Samochód wyposażono w układ odzyskiwania energii w czasie hamowania. Rzeczywiście, każde zdjęcie nogi z pedału gazu, czy zwłaszcza hamowanie silnikiem przy zjeździe z górki, wychyla wskazówkę w lewo. W ten sposób na dystansie kilkuset metrów udało nam się doładować baterie o 1 proc.

Pełna regeneracja ogniw trwa do 6 godzin, przy całkowicie rozładowanych bateriach i napięciu sieci wynoszącym 380/400 V, natomiast przy wykorzystaniu domowego gniazdka 230 V ładowanie trwa dwukrotnie dłużej.

Jak podaje producent, zasięg samochodu wynosi maksymalnie 130 km - w zależności od stylu jazdy, wykorzystania elektrycznych urządzeń, stopnia załadowania samochodu czy ukształtowania terenu. Jak wynika z naszych szacunkowych obliczeń, jazda po mieście, gdzie często zatrzymujemy się na światłach i jeździmy w korkach, pozwoli na przejechanie ok. 80-90 km. To w zupełności wystarczy przeciętnemu użytkownikowi Vito, który według przeprowadzonych badań, pokonuje dziennie dystans 50-80 km po ulicach miast i w najbliższej okolicy.

Pomijając napęd, w samochodzie dostawczym najważniejsza jest ładowność i objętość przestrzeni bagażowej. I tu Vito E-CELL ma się czym pochwalić, bowiem zamontowanie ogniw płasko pod podłogą nie zmniejszyło pojemności części ładunkowej, a i ładowność pozostała ta sama (900 kg), co wersji z silnikiem spalinowym.

Mercedes Vito E-CELL zbudowany został na bazie klasycznego Vito w wersji z przedłużonym rozstawem osi. Nie jest jednak napędzany na tył. W celu zaoszczędzenia miejsca dla akumulatorów, zdecydowano się na napędzanie przedniej osi. Jest to konstrukcja opracowana specjalnie dla elektrycznego Vito, natomiast zawieszenie wykorzystuje elementy spalinowej odmiany 4x4.
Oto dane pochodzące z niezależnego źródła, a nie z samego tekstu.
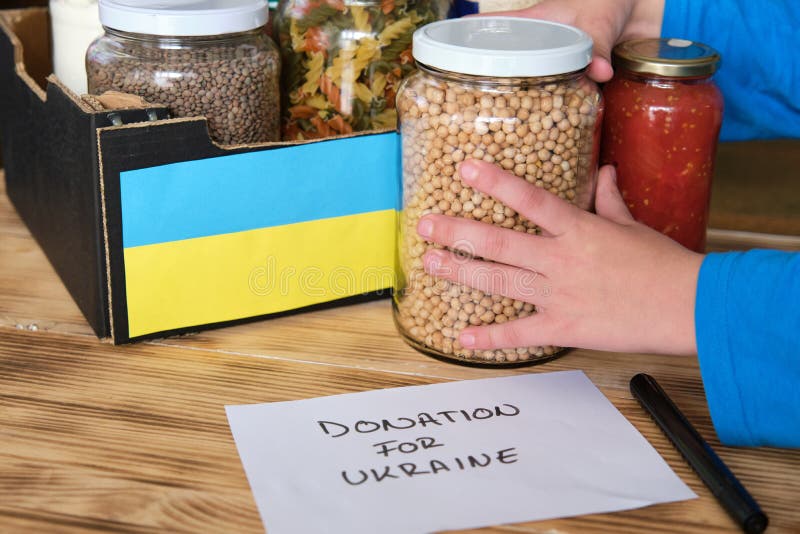 A Person Preparing a Box with Food To Donate To the War in Ukraine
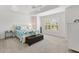 Bright bedroom featuring a ceiling fan, neutral carpeting, and shutters at 2321 Demarco Dr, The Villages, FL 32163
Wyposażenie Vito E-CELL dotyczące bezpieczeństwa nie odbiega od standardów dla spalinowych wersji. Oprócz ESP znajdziemy poduszki powietrzne dla kierowcy i pasażera, które w momencie uruchomienia wyłączają obwody elektryczne, by ratownicy nie zostali porażeni prądem.

Do końca roku wyprodukowanych zostanie 100 egzemplarzy, które przechodzić będą zaawansowane testy zaplanowane na 4 lata, w ciągu których przejadą po 80 tys. kilometrów każdy. W 2011 roku powstanie kolejna seria 2000 pojazdów, które wyjadą z hiszpańskiej fabryki koncernu w Vitorii. Testowe egzemplarze nie będą kupowane, ponieważ po okresie próbnym wrócą do fabryki, natomiast będą w pewnym sensie wypożyczane, a użytkownicy płacić będą miesięcznie pewną kwotę, która ma pokryć koszty eksploatacji i serwisowania. Dodatkowo, dzięki rządowemu wsparciu, przez pierwszych kilka miesięcy będą zwolnieni od opłat.

Do tej pory zapewnienie niskich kosztów użytkowania samochodów dostawczych uzyskiwano stosując silniki Diesla oraz jednostki przystosowane do spalania gazu ziemnego lub LPG. Do tej trójki dołącza teraz napęd, który nie dość, że nie emituje żadnych szkodliwych substancji do atmosfery, to jeszcze przemieszcza się niemal bezgłośnie. To wydaje się być panaceum na problemy dużych miast, gdzie poziom smogu i hałasu przekracza wszelkie normy.

Mercedes Vito E-CELL przeznaczony będzie głównie dla klientów flotowych, jak poczta, firmy kurierskie czy sieci marketów, ale także dla mniejszych przedsiębiorców, a w zakupie wspierać ich będą rządowe i unijne programy popularyzacji napędów o zerowej emisji. Pozostaje jedynie pytanie, kiedy i u nas doczekamy się ulg podatkowych pozwalających na rozwój przyjaznego środowisku transportu.